The She Writes members decided to blog. And in the words of Virginia:

I thought about the organ booming in the chapel and of the shut doors of the library; and I thought how unpleasant it is to be locked out; and I thought how it is worse perhaps to be locked in; and, thinking of the safety and prosperity of the one sex and to the poverty and insecurity of the other and of the effect of tradition and the lack of tradition upon the mind of a writer.

And then I picked a book of my own.

Yes Means Yes! Visions of Female Sexual Power and a World Without Rape edited by Jaclyn Friedman and Jessica Valenti is a crucial book and an urgent need. According to the Office for Victims of Crime, every single minute in America, there are 1.3 forcibly rapes of adult women; 78 women raped each hour; and 1,871 women raped every day--more than half a million women raped every year (683,000). Dismantling our rape culture is one of the most important causes of our time. The right-wing and religious groups continue to promote the rape culture by insisting on the "pro-family marital structure, in which sex is exchanged for support and the woman's identity is absorbed into her husband's; reinforce[ing] the idea of women as property." And internationally, rape is increasingly used as a weapon of war and terror.

The book is important on many Escherian -- levels -- addressing the full frontal disclosure of female sexuality and pleasure--it's an exclamation on sluggish pace of women's' equality. The essays include statistics like: "One in thirty-three men will survive sexual assault" and remind us that "73 percent of sexual assaults are committed by someone the victim knows."

Yes Means Yes! moves beyond a powerful indictment of rape culture to declare the right of female sexual pleasure and ownership of our bodies. "Women are not empty vessels to be f-ed or not f-ed; ... and we should feel safe saying no -- even if we've been drinking, even if we've slept with you before, even if we're wearing tight jeans, even if we're naked in bed with you." And I'll add, even if we're married to you.

As a rape survivor, a woman, and violence prevention advocate, it seems natural that I would choose this book.

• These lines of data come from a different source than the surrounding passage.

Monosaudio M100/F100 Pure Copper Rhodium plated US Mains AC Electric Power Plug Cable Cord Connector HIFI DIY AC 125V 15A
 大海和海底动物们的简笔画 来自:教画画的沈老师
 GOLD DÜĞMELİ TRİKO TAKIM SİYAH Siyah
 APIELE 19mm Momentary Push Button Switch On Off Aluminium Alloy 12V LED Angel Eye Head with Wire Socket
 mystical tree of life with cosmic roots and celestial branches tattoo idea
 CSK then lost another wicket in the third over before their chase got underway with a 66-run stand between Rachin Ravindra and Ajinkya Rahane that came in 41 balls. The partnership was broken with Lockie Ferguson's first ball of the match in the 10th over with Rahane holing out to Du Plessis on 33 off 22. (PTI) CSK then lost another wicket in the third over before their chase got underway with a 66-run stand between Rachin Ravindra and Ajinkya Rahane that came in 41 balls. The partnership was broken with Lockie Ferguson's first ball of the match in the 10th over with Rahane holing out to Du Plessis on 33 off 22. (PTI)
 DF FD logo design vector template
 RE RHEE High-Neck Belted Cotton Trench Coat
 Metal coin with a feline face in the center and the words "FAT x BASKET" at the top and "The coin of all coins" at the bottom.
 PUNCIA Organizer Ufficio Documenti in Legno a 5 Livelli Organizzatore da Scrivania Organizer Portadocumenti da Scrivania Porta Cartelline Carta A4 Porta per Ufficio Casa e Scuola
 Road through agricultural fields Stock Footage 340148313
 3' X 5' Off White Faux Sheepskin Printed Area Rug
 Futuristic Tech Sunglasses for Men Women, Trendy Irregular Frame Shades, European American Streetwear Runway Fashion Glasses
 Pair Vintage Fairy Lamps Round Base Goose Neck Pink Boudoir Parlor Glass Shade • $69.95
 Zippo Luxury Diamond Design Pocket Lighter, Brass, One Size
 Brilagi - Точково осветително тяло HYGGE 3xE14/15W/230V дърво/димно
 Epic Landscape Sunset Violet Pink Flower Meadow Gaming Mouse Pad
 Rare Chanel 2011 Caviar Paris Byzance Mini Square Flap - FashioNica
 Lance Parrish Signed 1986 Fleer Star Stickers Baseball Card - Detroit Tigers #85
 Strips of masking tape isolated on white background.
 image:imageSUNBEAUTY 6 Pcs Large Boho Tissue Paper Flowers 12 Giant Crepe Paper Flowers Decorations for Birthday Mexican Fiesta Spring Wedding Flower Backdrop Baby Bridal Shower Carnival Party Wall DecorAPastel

However, I already know that next year, Rebecca Skloot's The Immortal Life of Henrietta Lacks will be in my top ten. It's a strange tale...almost presents as science fiction ... a discovery of true science gone awry ... masterful prose that makes science intriguing for the lay man. I purposefully won't Google anything about it -- I want the journey as led by Skloot whose sentence titles alone send the curious mind racing for answers and imagining the possibilities that will unfold within the pages:

Doctors took her cells without asking. Those cells never died. They launched a medical revolution and a multimillion-dollar industry. More than 20 years later, her children found out. There lives would never be the same.

I did cheat and read a tiny excerpt. To be honest, I almost forgave PW's list when they put Skloot and "The Immortal" on their cover. However, it is unthinkable that female authors didn't deserve a slot in the top ten. Take a look and take your pick. Every woman should have a book of her own.